The proposed pension scheme is part of Bolivia's overall move toward more of a market economy. Bolivian officials have been discussing the pensions aspect for the past several years, but implementation has been delayed. Among the reasons have been squabbles over such things as the design of the new funds, benefits that may or may not have to be adjusted, and, broadly, how existing plans would coordinate with the new arrangements.
Bolivia now has 26 industry pension plans representing such groups as teachers, miners and others. Although all of these plans use a pay-as-you-go funding arrangement, they differ in benefits offered and retirement ages. It might prove impossible to make the new private scheme look more attractive to some groups than the benefits of their existing plans.
"There is a great deal of ignorance, prejudice and narrow interests" of labor groups and political parties that will influence people's decision over which pension system to choose, said Mr. Guevara. On an "unprejudiced basis," workers would "choose the new system because it will be fully funded. But because a number of other elements will come into play.....that aren't rational, (at least some) people may stay in the old system."
But even though disputes over the creation of the funds haven't been resolved, Bolivia is still moving forward with the privatization aspect of the program.
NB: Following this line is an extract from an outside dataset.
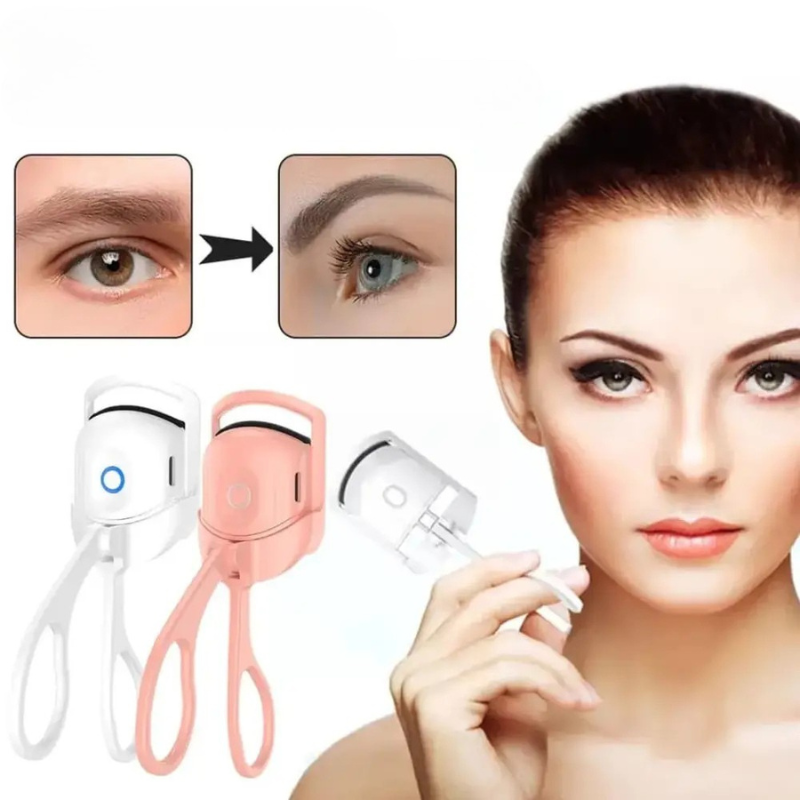 Heated eyelash curler – Beautifully curled lashes in an instant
So far, it has privatized the state electricity company, the telephone company and, in mid-October, expected to have privatized the state airline. By year's end, Bolivia expects to have privatized its state railroad and tin smelting company, and, in early 1996, its oil company. Shares intended for the new private pension program are being parked with a fiduciary bank until the new scheme is created.
By the middle of next year, Bolivia officials expect to have picked three private firms that will manage assets of the new system. Firms will be selected through an international bidding process. The Bolivian government will hire an investment bank - to be chosen through a bidding process - that will "promote this business opportunity" in Bolivia, said Mr. Guevara.
When the new system starts, each of the three managers should get about $600 million to $700 million from the shares of state companies distributed to the adult public. And those assets should expand through contributions. According to Mr. Guevara, it's projected that each of the managers will have nearly $1 billion under management by 2002.
Mr. Guevara hopes a bill to create the new pension program will pass, if not this year, then sometime in the first half of 1996. In December "there will be municipal elections that may make it impossible for" enabling legislation to pass this year, he said.
Will the eventual system be a great benefit to Bolivia? Timothy Sharples, an actuary with Callund Consulting Ltd., Maidenhead, England, believes it's a good way of privatizing companies, because the money allotted to Bolivians will be saved until retirement and, in the process, will help build the capital markets. But the program would only give people a one-time allocation; it wouldn't force them to set up long-term savings plans. And those too young would be excluded from this disbursement of company shares. Therefore, Mr. Sharples sees Bolivia's plan as "a good way to privatize. But I'm not sure it's a good way to build a universal pension system."